Stored data entries:

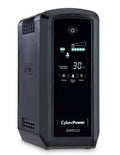 PFC Sinewave UPS System, 1000VA/600W, 10 Outlets, Mini-tower S982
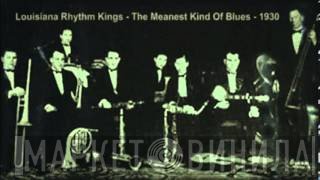Louisiana Rhythm Kings
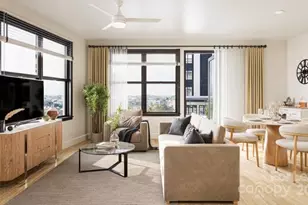 255 W Bland St, Charlotte, NC 28203 - Photo 25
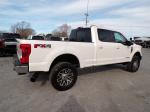 2019 Ford F250 Super Duty Pic 691_V202501161241479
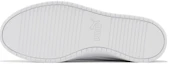 Sizing Puma Rickie Classic Plus ''Blanc Bleu Persan'' 396013-01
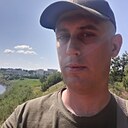 Знакомства: Михаил, 37 лет, Павлоград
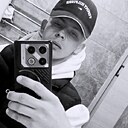 Знакомства: Женя, 21 год, Артем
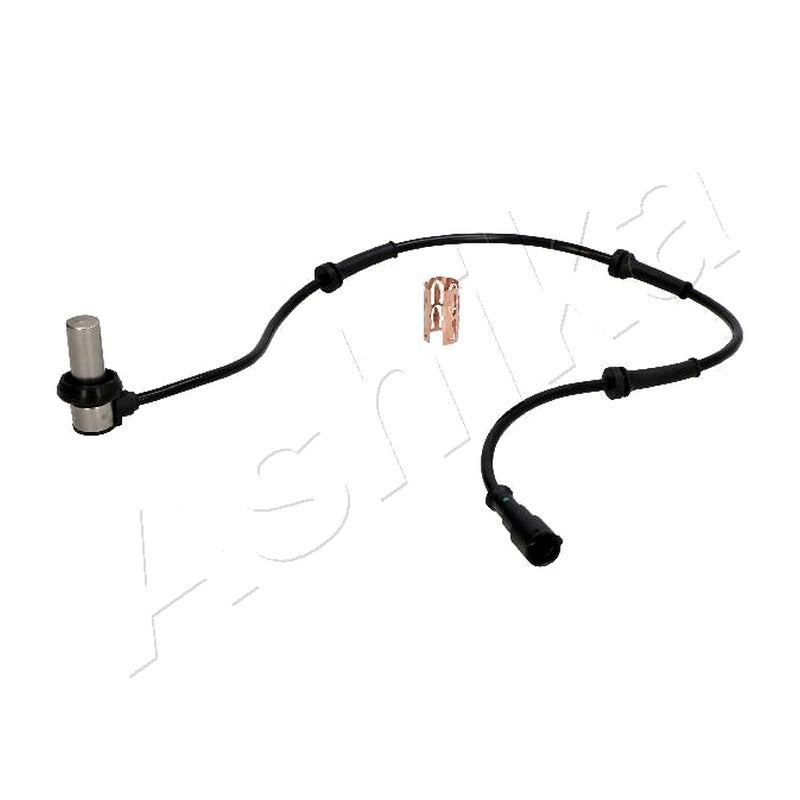 Senzor ABS Ashika 151-0L-L12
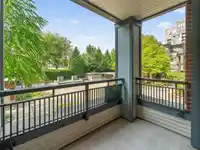 215 10455 UNIVERSITY DRIVE - thumbnail 11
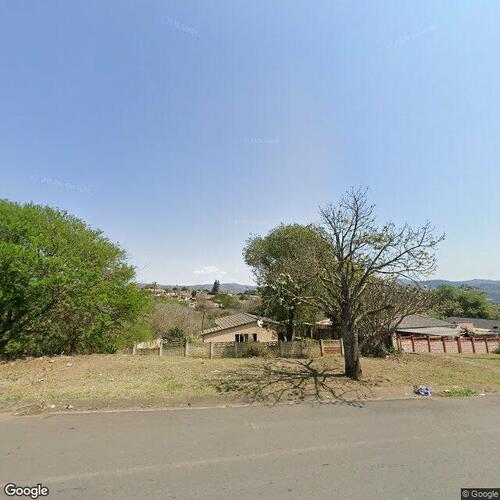 Portion 287 Of Erf 1771, Aloe Ridge, 240 White Road, Westgate, Pietermaritzburg thumbnail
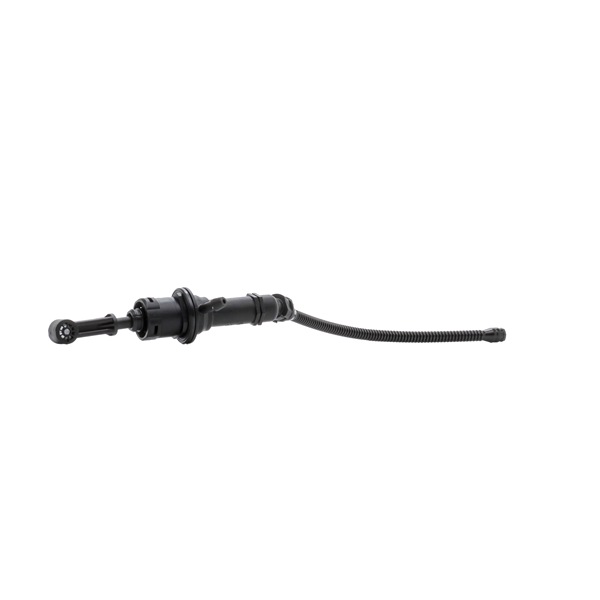 DELPHI LM80768 Hulpcilinder, koppeling Renault Megane 3 Grandtour 1.6 16V 101 Pk Benzine prijs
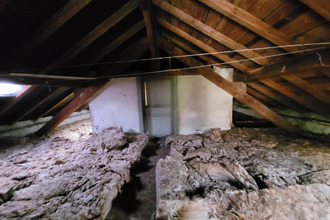 achat maison rupt-sur-moselle 88360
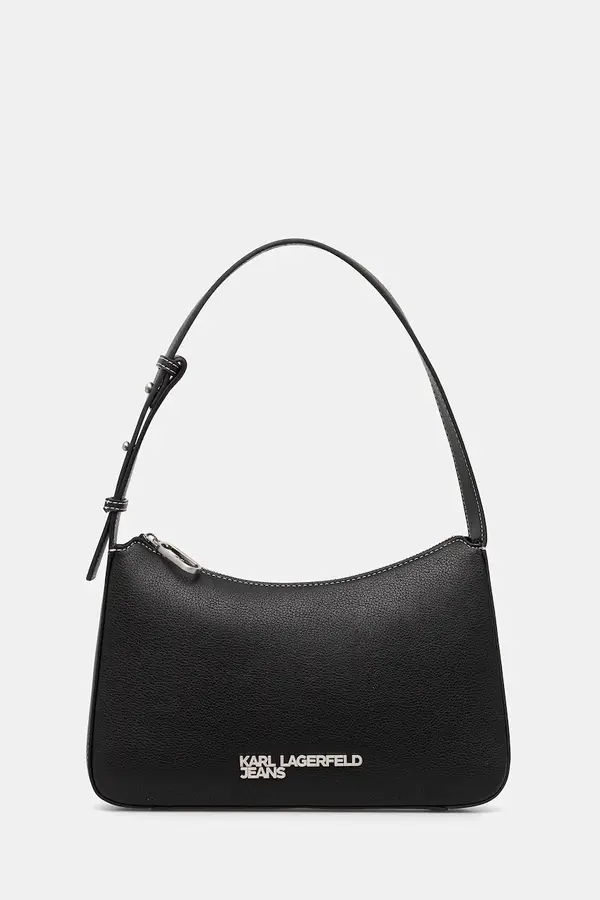 Karl Lagerfeld Jeans Karl Lagerfeld Jeans Torba Karl Lagerfeld Jeans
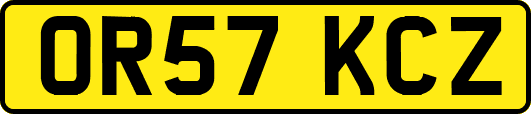 OR57KCZ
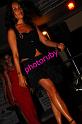 RUB_0052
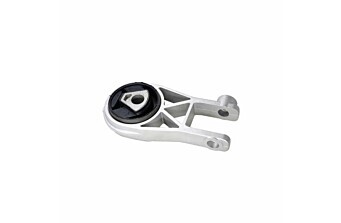 https://cdn.awsli.com.br/2500x2500/2592/2592224/produto/300829833/coxim-motor-traseiro-inferior-fiat-ducato-2-3-16v-2018-a-2023-mobensani-mb4480-7wmj6x5uvx.jpg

What the exercise asks >>
Only the lines from the one with "215 10455 UNIVERSITY DRIVE - thumbnail 11" through the last line above belong in the answer. Reproduce them exactly, without the pictures.

Exercise output >>
 215 10455 UNIVERSITY DRIVE - thumbnail 11
 Portion 287 Of Erf 1771, Aloe Ridge, 240 White Road, Westgate, Pietermaritzburg thumbnail
 DELPHI LM80768 Hulpcilinder, koppeling Renault Megane 3 Grandtour 1.6 16V 101 Pk Benzine prijs
 achat maison rupt-sur-moselle 88360
 Karl Lagerfeld Jeans Karl Lagerfeld Jeans Torba Karl Lagerfeld Jeans
 OR57KCZ
 RUB_0052
 https://cdn.awsli.com.br/2500x2500/2592/2592224/produto/300829833/coxim-motor-traseiro-inferior-fiat-ducato-2-3-16v-2018-a-2023-mobensani-mb4480-7wmj6x5uvx.jpg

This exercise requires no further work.